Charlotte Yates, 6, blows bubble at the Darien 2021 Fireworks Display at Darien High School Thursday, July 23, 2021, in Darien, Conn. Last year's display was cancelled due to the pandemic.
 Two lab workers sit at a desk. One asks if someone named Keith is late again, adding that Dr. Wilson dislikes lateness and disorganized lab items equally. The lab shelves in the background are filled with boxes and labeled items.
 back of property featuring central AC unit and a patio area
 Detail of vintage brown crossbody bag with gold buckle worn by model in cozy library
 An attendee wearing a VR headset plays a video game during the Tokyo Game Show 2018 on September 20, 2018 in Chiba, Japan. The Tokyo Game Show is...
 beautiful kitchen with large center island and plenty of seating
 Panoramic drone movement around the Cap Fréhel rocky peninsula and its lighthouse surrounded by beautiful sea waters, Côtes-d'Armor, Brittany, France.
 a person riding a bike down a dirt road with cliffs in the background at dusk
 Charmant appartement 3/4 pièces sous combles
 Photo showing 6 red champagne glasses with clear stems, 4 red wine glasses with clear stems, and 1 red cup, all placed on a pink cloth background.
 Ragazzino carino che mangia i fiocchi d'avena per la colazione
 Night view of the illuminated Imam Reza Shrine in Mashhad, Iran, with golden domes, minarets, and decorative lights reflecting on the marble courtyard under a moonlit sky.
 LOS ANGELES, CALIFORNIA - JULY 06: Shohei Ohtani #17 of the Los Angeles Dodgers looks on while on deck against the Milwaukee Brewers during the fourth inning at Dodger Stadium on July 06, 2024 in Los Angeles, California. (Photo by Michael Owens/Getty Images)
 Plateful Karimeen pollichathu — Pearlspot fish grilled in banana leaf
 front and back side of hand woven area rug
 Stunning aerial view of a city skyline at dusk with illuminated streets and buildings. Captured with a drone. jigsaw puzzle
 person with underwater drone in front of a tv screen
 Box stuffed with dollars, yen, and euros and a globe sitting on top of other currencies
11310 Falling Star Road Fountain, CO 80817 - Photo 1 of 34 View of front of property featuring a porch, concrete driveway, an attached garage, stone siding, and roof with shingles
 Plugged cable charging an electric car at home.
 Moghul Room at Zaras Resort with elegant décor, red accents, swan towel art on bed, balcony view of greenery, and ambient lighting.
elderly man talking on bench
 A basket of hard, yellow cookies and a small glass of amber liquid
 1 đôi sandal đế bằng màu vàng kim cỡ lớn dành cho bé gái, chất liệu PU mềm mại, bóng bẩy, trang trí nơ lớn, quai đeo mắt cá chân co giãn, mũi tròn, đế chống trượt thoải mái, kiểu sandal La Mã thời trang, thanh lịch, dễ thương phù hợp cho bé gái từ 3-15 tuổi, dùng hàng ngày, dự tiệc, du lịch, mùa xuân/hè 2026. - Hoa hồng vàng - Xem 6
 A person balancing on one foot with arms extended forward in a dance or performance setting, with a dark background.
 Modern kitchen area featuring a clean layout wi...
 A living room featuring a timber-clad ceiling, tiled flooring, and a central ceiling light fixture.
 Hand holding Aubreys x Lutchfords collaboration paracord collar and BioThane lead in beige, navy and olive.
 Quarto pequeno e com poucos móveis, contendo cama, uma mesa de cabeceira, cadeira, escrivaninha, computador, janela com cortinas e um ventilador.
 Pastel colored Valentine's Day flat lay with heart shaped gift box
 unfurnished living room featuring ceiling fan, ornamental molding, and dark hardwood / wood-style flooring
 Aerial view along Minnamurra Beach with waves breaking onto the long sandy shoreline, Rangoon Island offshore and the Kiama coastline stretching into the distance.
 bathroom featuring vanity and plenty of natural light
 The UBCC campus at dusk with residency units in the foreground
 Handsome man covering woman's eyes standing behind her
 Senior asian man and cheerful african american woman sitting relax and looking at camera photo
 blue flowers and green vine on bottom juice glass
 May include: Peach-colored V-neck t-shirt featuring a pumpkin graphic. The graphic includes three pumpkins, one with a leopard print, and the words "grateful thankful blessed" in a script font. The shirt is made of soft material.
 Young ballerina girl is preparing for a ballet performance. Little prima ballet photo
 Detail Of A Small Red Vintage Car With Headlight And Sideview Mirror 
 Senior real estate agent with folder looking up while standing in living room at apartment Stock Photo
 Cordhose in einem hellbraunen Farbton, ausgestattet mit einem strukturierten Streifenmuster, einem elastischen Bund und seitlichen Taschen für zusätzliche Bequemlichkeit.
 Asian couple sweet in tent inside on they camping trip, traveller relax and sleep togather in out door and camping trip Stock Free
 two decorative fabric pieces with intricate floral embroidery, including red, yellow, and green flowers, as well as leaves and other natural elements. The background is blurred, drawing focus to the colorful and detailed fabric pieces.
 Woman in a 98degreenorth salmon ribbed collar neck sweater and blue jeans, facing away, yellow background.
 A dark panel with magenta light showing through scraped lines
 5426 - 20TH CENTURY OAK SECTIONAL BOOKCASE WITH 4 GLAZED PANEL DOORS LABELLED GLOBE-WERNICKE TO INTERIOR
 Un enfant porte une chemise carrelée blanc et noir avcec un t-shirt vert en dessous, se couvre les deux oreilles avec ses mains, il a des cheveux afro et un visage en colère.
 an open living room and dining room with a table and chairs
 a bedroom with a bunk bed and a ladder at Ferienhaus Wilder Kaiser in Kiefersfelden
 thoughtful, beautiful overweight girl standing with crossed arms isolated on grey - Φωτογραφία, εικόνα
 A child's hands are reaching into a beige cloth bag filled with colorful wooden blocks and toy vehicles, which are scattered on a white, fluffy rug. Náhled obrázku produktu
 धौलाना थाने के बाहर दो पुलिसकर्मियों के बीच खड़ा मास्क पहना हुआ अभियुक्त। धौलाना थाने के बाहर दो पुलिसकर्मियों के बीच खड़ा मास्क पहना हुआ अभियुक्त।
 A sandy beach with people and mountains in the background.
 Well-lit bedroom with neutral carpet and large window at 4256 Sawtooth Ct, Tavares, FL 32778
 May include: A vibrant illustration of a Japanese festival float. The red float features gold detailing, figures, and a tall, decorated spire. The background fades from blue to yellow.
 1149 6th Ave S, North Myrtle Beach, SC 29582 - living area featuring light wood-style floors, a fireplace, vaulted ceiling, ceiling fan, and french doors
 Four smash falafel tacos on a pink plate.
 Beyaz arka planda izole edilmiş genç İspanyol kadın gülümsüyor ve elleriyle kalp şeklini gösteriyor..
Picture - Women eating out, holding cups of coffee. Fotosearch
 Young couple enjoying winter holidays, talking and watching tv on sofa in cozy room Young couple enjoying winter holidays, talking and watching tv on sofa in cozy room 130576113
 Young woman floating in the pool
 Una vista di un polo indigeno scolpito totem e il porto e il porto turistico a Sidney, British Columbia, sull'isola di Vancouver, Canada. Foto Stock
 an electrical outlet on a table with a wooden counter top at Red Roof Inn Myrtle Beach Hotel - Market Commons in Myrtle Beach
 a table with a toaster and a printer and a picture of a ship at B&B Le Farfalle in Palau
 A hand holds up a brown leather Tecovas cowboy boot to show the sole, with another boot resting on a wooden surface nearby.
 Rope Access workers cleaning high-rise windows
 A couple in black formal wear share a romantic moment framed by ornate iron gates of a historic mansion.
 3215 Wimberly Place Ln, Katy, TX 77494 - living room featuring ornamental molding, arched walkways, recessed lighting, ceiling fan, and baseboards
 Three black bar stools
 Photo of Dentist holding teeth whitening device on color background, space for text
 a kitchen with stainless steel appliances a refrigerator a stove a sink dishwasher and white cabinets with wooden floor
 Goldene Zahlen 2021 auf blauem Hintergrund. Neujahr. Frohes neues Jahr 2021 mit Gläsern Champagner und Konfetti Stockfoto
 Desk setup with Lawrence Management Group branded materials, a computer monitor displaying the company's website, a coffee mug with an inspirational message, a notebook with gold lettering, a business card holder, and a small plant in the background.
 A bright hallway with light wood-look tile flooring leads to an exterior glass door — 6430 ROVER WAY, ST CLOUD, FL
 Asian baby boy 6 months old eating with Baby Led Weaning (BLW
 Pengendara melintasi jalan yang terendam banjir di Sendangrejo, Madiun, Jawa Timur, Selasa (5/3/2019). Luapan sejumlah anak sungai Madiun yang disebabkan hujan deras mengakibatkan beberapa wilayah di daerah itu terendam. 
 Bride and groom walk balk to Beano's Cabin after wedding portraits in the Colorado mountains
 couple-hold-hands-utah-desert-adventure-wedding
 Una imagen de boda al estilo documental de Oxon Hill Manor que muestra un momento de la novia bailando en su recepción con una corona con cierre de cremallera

□ □ □

If a line in the data contains the string "featuring", copy it.

 back of property featuring central AC unit and a patio area
11310 Falling Star Road Fountain, CO 80817 - Photo 1 of 34 View of front of property featuring a porch, concrete driveway, an attached garage, stone siding, and roof with shingles
 Modern kitchen area featuring a clean layout wi...
 A living room featuring a timber-clad ceiling, tiled flooring, and a central ceiling light fixture.
 unfurnished living room featuring ceiling fan, ornamental molding, and dark hardwood / wood-style flooring
 bathroom featuring vanity and plenty of natural light
 May include: Peach-colored V-neck t-shirt featuring a pumpkin graphic. The graphic includes three pumpkins, one with a leopard print, and the words "grateful thankful blessed" in a script font. The shirt is made of soft material.
 1149 6th Ave S, North Myrtle Beach, SC 29582 - living area featuring light wood-style floors, a fireplace, vaulted ceiling, ceiling fan, and french doors
 3215 Wimberly Place Ln, Katy, TX 77494 - living room featuring ornamental molding, arched walkways, recessed lighting, ceiling fan, and baseboards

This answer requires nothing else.